Для исполнения подобного рода музыки создавались ансамбли, в основном достаточно ограниченные по составу включенных в них инструментов, среди которых все больший вес обретали электроинструменты, и все большее внимание уделявшие обеспечивающей их “работу” электронной аппаратуре. С самого своего рождения поп-музыка получила “несокрушимую” опору в виде мощной ритмизированной основы и, соответственно, обеспечивающей “прочность” этой основы ритм-группы. Важнейшей же вехой, которой было отмечено подлинное начало эры поп-музыки, стали выступления в начале 60-х годов быстро обретшей ни с чем не сравнимую популярность английской молодежной группы “Битлз”.

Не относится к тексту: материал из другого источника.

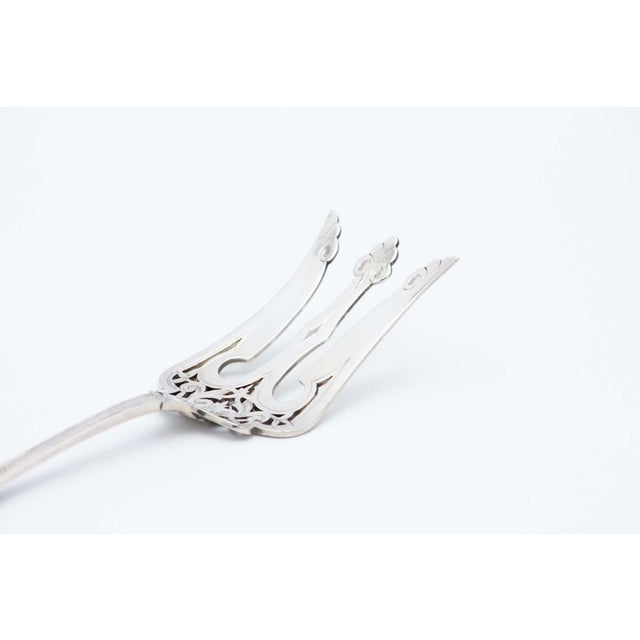 Silver Fish Serving Fork with Engravings For Sale - Image 3 of 5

Интересно отметить, что характерной чертой музыкантов-участников бесчисленных ансамблей поп-музыки являлось и является принципиальное нежелание получать специальное музыкальное образование. В этом можно увидеть выражение определенного “снобизма наоборот”, подчеркнутого и даже преувеличенного нонконформизма музыкантов, с презрением относящихся как к общепризнанными нормам быта буржуазного общества, так и к довольно строгим требованиям, предъявляемым к любому профессиональному исполнителю академическим искусством[50] . В большей или меньшей степени обладая музыкальными способностями, выучившись определенному набору исполнительских приемов и штампов и объединившись с себе подобными, молодой человек начинает свою музыкальную карьеру, не без основания рассчитывая на невзыскательность и отнюдь не бόльшую, чем у него самого, общую музыкальную культуру той аудитории, перед которой ему предстоит выступать, а также на то, что качество его исполнения, превращенного в форменный рев благодаря совершенной в техническом отношении и сверхмощной многотонной аппаратуре, которую должен иметь в своем распоряжении каждый на что-либо ныне рассчитывающий солист или ансамбль, вряд ли будет способен оценить подавленный и физически, и психически, оглушенный обрушившимися на него десятками децибелл слушатель. Наконец, на превращение того или иного исполнителя в пользующуюся повышенным спросом поп-звезду предприниматели затрачивают огромные средства, которые рассчитывают с лихвой возместить в случае успеха своего подопечного.

Следует признать, что тексты песен, создававшихся и создаваемых в рамках различных течений поп-музыки, число которых увеличивалось с небывалой быстротой, нередко отличались проблемностью и содержательностью (чего чаще всего нельзя сказать об их музыке), в них затрагивались довольно сложные философские, эстетические, социально-политические, этические вопросы. К началу 70-х годов в результате поисков новых форм (правда, с музыкальной точки зрения, не столь уж принципиально отличавшихся от старых) уже поп-музыка начинает оказывать влияние на джаз, на эстрадную и даже на так называемую серьезную музыку (в связи с этим можно назвать хотя бы имена Брубека, Бернстайна, Штокхаузена, Берио, Шнитке, Денисова и др.). Более того, с конца 60-х поп-музыка заключила поразительный в своем неправдоподобии альянс с религией: производимая ею продукция стала использоваться в качестве культовой музыки в протестантских и даже католических церквах США, Великобритании и целого ряда других стран.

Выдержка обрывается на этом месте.